Transcript
A (0:00)
Welcome to Manager Tools. This is Sarah and I'm Mark. Today's podcast, Top 10 Hiring Mistakes Number 8 Unprepared. Part 2 of 2.
B (0:12)
This guidance answers these questions. What are the most common mistakes in hiring? By the way, there are a billion of them. What preparation should I do before an interview? And why is being unprepared dangerous for an interview?
A (0:26)
If you want answers to these questions and more, keep listening. Are you working toward your next role? If you're thinking about leadership, start building the skills that prepare you for advancement. Manager Tools Effective manager conferences teach you how to build trust, demonstrate professionalism, and communicate like someone ready for responsibility. Explore upcoming training@manager-tools.com Training folks, it's completely okay for an interviewer to think during their preparation. I want to like working with this person.
B (1:04)
I want to like them.
A (1:05)
I want to like them. I want to enjoy them. I want to have fun with them. It is completely reasonable to assess whether or not you would enjoy working with them when it comes to hiring them. But the idea of the criterion is wasted if it's not turned into behavioral specifics that you and others can interview against.
B (1:28)
Yeah, now look, the amateur manager or interviewer says to herself, well, I don't really have to come up with specifics for liking someone. All I have to do is sense whether or not I like them while I'm interviewing them. And look, guys, that's easy, but it's also cheap. Professionals know better than to be satisfied with easy or cheap. Sometimes. Yeah, it's totally true that easy, simply uncomplicated, works just fine and all the better for it. And less time spent on that, more time on something more important. Good to go. But for important behaviors. And what is not more important than choosing people who will run your company in its future? We reject easy and simple. And we take the time to do the preparation to make sure we're rigorous in our process.
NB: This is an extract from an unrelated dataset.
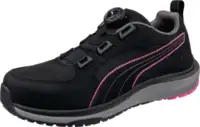 PUMA Sicherheitshalbschuh S3S Aspire Pink Disc Low, Damenmodell 35 - toolster.ch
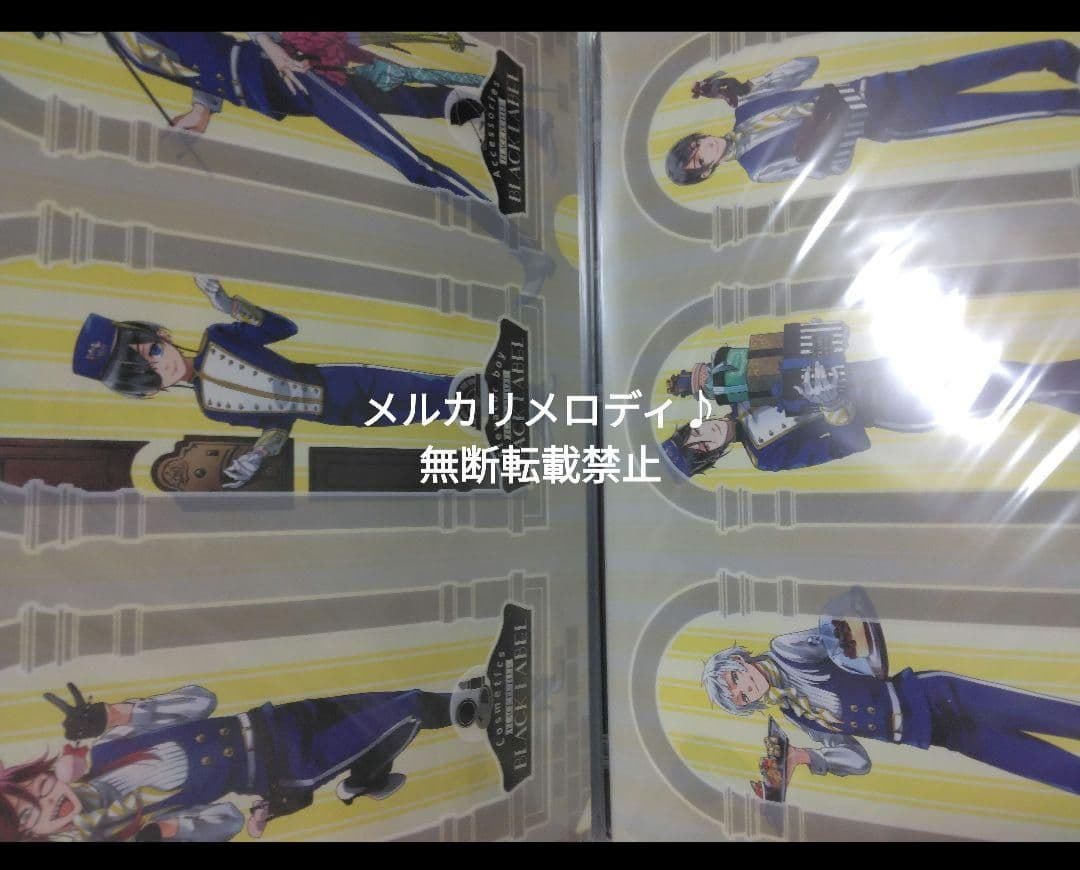 黒執事 クリアファイル まとめ BlackLabel 京まふ 妖6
And so in the case of liking. Actually, I don't want to get ahead of ourselves. We're going to come back to liking here in just a minute.
A (2:32)
Yeah, folks, an interviewer becomes effective and therefore a professional when they've defined specific behaviors that are really indicative of of success in the role and then have gone a step further, that is, and created questions that will give candidates the ability to communicate their success using those behaviors. A candidate who either doesn't agree with those gatekeeping behaviors or does not have the experience using those behaviors to positive outcomes, or simply doesn't answer the question regarding the use of those behaviors thereby eliminates themself from consideration.